And making matters worse still, I am one of the drivers and will have four girls with me in my car. With all of their gum and lip gloss and shrillness. All singing 17,000 verses of John Jacob Jingleheimer Schmidt at the tops of their lungs. And discussing Selena's breakup with the Biebs. Or Lindsay Lohan's latest escapades. Or some other matter of global importance.

Truthfully, I am curious about how things at Camp Hari Kari may have changed since I last dashed from the woods to my parents' car like a fugitive. Judging from my daughter's description of the tents and their accessibility by wild life, it is safe to say that they are the same.

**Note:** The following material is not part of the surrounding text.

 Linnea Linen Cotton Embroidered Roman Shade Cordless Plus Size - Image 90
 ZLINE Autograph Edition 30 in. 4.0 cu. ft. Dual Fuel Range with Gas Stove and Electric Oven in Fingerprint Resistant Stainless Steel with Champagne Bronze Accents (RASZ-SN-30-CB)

But nonetheless, my duffel is packed, my sleeping bag rolled, my 47 outfits to replace the ones that get wet, all assembled and sitting along side my allergy medicine, my sunscreen, my bug spray, my epi-pen, my hand sanitizer, my bandaids and my emergency self contained toothbrushing assembly (camping with Invisalign should make the camp fire cooking ritual an extra special treat.)

I am prepared to go.

Prepared, but hardly ready.

If you're happy and you know it, clap your hands...

Monday, May 16, 2011

You Say Potayto and I Say Potahto

Man-friend?
Mon amour?
Husband-elect?
What the hell?

I need to buy a French-English dictionary. I can assemble a few meaningful syllables and even if I don’t get the meaning exactly right it would have to sound more sophisticated in the form of a French inflected bon mot.

I look at the online French translation tool (there is something for everyone on the internet!) and I put in the word “boyfriend.” Then “lover.” Then “partner.”

Squat-tah.

This was going to be harder than I thought.

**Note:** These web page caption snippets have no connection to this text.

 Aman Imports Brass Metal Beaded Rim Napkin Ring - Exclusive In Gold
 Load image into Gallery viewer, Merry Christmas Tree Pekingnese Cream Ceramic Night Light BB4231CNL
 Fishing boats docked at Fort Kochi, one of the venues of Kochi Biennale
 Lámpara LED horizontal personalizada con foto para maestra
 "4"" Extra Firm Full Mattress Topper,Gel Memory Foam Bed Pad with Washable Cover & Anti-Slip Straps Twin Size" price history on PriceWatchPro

Is there a Sniglet dictionary? There ought to be.

I am wondering if there is a useful word in the urban lingo dictionary app that Scott’s daughter has on her Smartphone.

I have to get my hands on that app. I should have asked her about it that night at dinner when she looked up something for us. But I was too stunned to make any competent observations.

We’d been sitting at the table at a restaurant Scott selected for dinner. I’d offered to take him and his girls and a tagalong steady boyfriend to dinner for his birthday. We were chatting all at once and making quite a lot of noise for such a small group, when I distinctly heard someone utter the word “wenis.”

The table fell silent. Scott and I leading the way in the speechlessness department.

Wenis?

Could that be what it sounds like? It sounds like a Sniglet-esque word combining the formality of “penis” with the playfulness of “weenie.” So maybe a tween would tell someone to stop acting like a wenis and be completely appropriate (in certain middle school lunch study hall circles…)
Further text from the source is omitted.